*WHAT TO DO*
Search the listing below for the line containing "Office for rent". From there through the line containing "Fox Run Apartments — Photo 22", transcribe every line exactly, both ends included.

*RECORD SET*
*** Begin section ***
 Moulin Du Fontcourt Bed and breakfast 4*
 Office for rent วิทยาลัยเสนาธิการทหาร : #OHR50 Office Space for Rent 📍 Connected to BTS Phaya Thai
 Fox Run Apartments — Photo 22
*** End section ***
*** Begin section ***
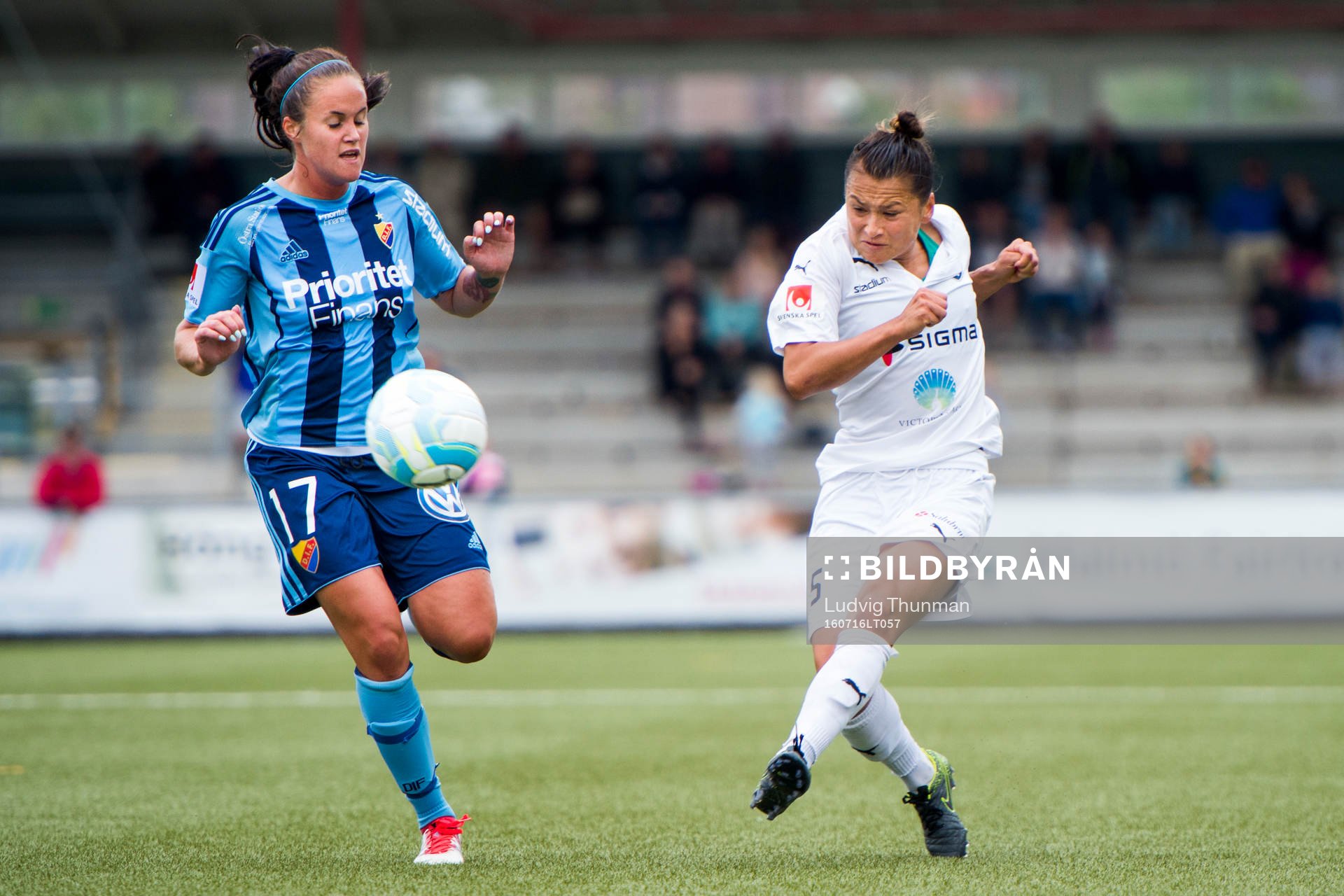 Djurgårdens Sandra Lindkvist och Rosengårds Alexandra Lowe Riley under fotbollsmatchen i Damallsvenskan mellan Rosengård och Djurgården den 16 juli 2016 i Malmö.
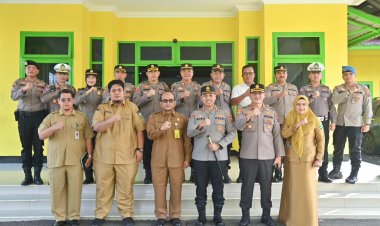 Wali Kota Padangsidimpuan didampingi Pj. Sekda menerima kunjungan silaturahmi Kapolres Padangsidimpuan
*** End section ***
*** Begin section ***
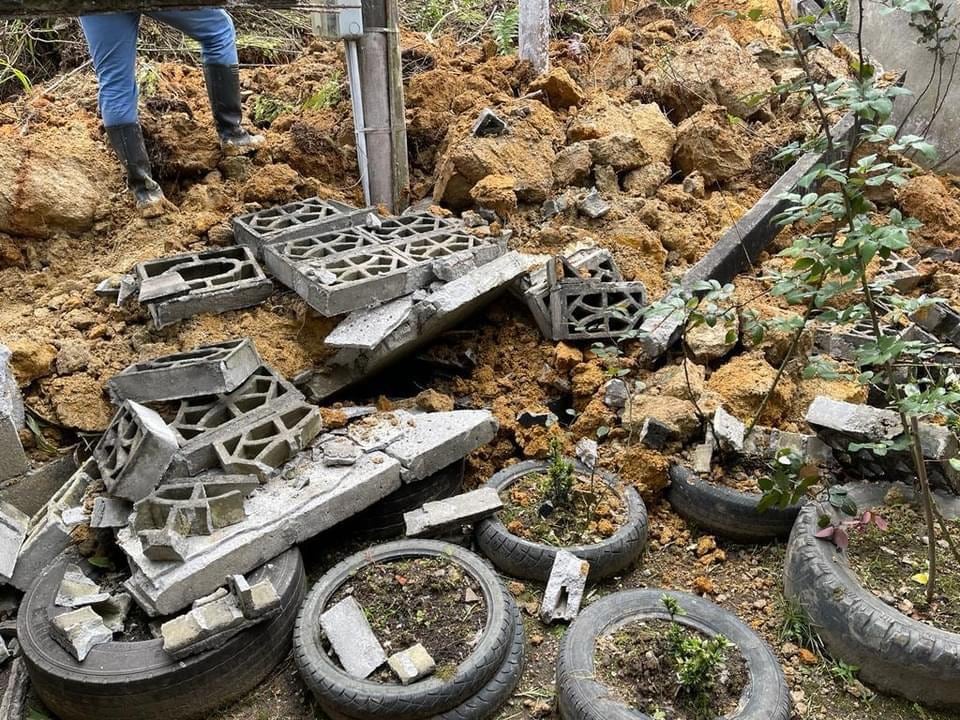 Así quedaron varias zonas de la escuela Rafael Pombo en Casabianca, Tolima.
*** End section ***
*EXERCISE RESPONSE*
 Office for rent วิทยาลัยเสนาธิการทหาร : #OHR50 Office Space for Rent 📍 Connected to BTS Phaya Thai
 Fox Run Apartments — Photo 22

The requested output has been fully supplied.